Milton E. Ehrenreich, New York City, for petitioner-creditor-appellant.

Harvey M. Lifset, Albany, N. Y., for trustee-appellee.

Before CHASE, Chief Judge, and HINCKS and HARLAN, Circuit Judges.

HARLAN, Circuit Judge.

The question before us is whether a chattel mortgage given by Francis T. Reilly, the bankrupt, to Thomas Constance, the appellant, is valid as against Reilly's Trustee in Bankruptcy, the appellee.

On November 23, 1949, Constance sold to Reilly, residing at Watervliet, Albany County, N. Y., a roadside diner located in the City of Albany, N. Y. The purchase price was $35,000, payable $15,000 in cash and $20,000 by a purchase money mortgage executed by Reilly in favor of Constance.

On November 25, 1949, Milton E. Ehrenreich, the attorney for Constance, sent copies of the mortgage to the County Clerk of Albany County and the Town Clerk of Watervliet for filing, together with the appropriate filing fees. The copy of the mortgage sent to the Albany County Clerk was duly filed in his office in the City of Albany but the copy sent to the Watervliet Clerk was returned to Mr. Ehrenreich, with a notation "Filed in Albany." Concededly, Watervliet was the only proper place of filing, since (a) that was where Reilly, the mortgagor, resided, and (b) the County Clerk of Albany County, in which Watervliet was situated, had no office in Watervliet; and the filing in the Albany County Clerk's office was of no avail. New York Lien Law § 232, McK.Consol.Laws, c. 33.1

Mr. Ehrenreich testified that he took the Watervliet Clerk's notation to mean that Reilly had changed his residence to Albany, where the diner was located, and that he made no further effort to accomplish filing in Watervliet until October 5, 1950 — over ten months later — when he sent a representative to Watervliet for that purpose. This time the Watervliet Town Clerk filed the instrument, and there was hearsay evidence, which was not objected to, that the Clerk then acknowledged that he had made an error in not filing the mortgage when he had originally received it in November 1949. It was found below that the Clerk had so erred.

Reilly was adjudicated a bankrupt on October 23, 1951, and Arthur J. Harvey was appointed Trustee. The sole asset of the estate was the diner which was sold by the Trustee for $22,150, against which proceeds Constance claims a valid lien to the extent of $15,650, the unpaid balance of the purchase price of the diner. The District Court, confirming the Referee in Bankruptcy, has held the chattel mortgage invalid as against the Trustee.

The first question we have to decide is this: Was the effective filing date of this chattel mortgage shortly after November 25, 1949, when the Watervliet Clerk received the instrument and erroneously failed to file it, or on October 5, 1950, when the mortgage was actually filed at Watervliet? It is conceded that this question is to be determined under New York law.

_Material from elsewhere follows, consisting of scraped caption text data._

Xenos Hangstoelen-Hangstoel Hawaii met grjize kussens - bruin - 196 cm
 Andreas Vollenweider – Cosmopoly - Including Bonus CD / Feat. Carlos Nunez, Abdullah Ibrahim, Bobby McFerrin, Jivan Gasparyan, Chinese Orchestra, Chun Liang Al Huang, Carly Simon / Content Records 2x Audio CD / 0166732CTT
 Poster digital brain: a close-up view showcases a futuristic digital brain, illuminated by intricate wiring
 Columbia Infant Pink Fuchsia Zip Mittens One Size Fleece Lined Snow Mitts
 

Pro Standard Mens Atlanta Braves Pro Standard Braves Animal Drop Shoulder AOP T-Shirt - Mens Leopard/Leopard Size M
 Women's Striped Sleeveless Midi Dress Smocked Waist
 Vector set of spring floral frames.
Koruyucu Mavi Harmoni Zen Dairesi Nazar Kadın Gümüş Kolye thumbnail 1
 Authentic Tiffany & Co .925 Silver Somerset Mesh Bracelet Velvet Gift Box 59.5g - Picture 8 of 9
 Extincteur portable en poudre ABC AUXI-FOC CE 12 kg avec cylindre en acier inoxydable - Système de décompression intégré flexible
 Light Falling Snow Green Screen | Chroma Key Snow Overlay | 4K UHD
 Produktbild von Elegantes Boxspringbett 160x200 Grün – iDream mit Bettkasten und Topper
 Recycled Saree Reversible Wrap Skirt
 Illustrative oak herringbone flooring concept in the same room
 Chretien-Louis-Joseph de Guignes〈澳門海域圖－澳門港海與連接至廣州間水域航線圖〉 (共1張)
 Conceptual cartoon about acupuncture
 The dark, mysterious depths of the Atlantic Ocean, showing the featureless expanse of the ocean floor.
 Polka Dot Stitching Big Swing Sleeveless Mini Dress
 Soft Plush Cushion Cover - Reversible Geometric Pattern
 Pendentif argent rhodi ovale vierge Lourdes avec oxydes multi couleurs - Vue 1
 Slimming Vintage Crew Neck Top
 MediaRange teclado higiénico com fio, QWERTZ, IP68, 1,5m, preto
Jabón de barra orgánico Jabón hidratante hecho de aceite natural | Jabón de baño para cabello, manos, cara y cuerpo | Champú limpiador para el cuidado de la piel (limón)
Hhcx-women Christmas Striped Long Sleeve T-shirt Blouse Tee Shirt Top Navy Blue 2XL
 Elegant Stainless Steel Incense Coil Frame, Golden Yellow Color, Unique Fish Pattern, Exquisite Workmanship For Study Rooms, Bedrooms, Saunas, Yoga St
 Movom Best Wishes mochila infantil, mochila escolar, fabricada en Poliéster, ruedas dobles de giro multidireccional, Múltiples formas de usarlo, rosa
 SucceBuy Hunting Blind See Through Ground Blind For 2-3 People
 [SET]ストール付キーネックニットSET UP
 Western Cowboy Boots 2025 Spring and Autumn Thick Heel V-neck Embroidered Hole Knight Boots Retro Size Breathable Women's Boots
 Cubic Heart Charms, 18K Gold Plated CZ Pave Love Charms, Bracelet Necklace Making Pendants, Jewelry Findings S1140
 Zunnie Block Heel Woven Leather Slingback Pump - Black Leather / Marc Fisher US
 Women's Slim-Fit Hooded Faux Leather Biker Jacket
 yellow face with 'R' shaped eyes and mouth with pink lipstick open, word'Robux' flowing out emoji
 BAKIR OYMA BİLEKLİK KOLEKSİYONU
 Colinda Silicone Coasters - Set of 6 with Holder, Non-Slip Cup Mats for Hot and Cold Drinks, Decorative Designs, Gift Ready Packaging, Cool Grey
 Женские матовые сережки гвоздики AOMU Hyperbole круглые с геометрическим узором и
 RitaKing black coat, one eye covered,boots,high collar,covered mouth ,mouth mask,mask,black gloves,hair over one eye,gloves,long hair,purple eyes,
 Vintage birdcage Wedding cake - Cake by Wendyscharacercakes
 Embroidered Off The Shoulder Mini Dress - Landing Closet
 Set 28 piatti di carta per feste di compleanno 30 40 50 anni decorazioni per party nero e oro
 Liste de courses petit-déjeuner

The New York Lien Law makes chattel mortgages which have not been filed as provided therein void as against creditors of the mortgagor and subsequent good faith purchasers and mortgagees for value, but specifies no time for filing. §§ 230, 232. The New York Courts hold that filing must be within a reasonable time after execution of the instrument. Tooker v. Siegel-Cooper Co., 1909, 194 N.Y. 442, 87 N.E. 773. Absent extenuating circumstances, it could scarcely be disputed that a delay of over ten months is not a filing within a reasonable time. It is argued, however, that this delay was excused by the mistake of the Watervliet Clerk, and we are referred to a number of cases in which it has been held that the failure or refusal of a public official to file an instrument required to be filed is not to be charged against one claiming under it. Manton v. Brooklyn & Flatbush Realty Co., 1916, 217 N.Y. 284, 111 N.E. 819; President etc. of the Manhattan Company v. Laimbeer, 1888, 108 N.Y. 578, 15 N.E. 712; New York County Nat. Bank v. Wood, 1st Dept. 1915, 169 App.Div. 817, 153 N.Y.S. 860, affirmed New York County Nat. Bank v. Peckworth, 222 N.Y. 662, 119 N.E. 1062; In re Labb, D.C.W.D.N.Y.1941, 42 F.Supp. 542.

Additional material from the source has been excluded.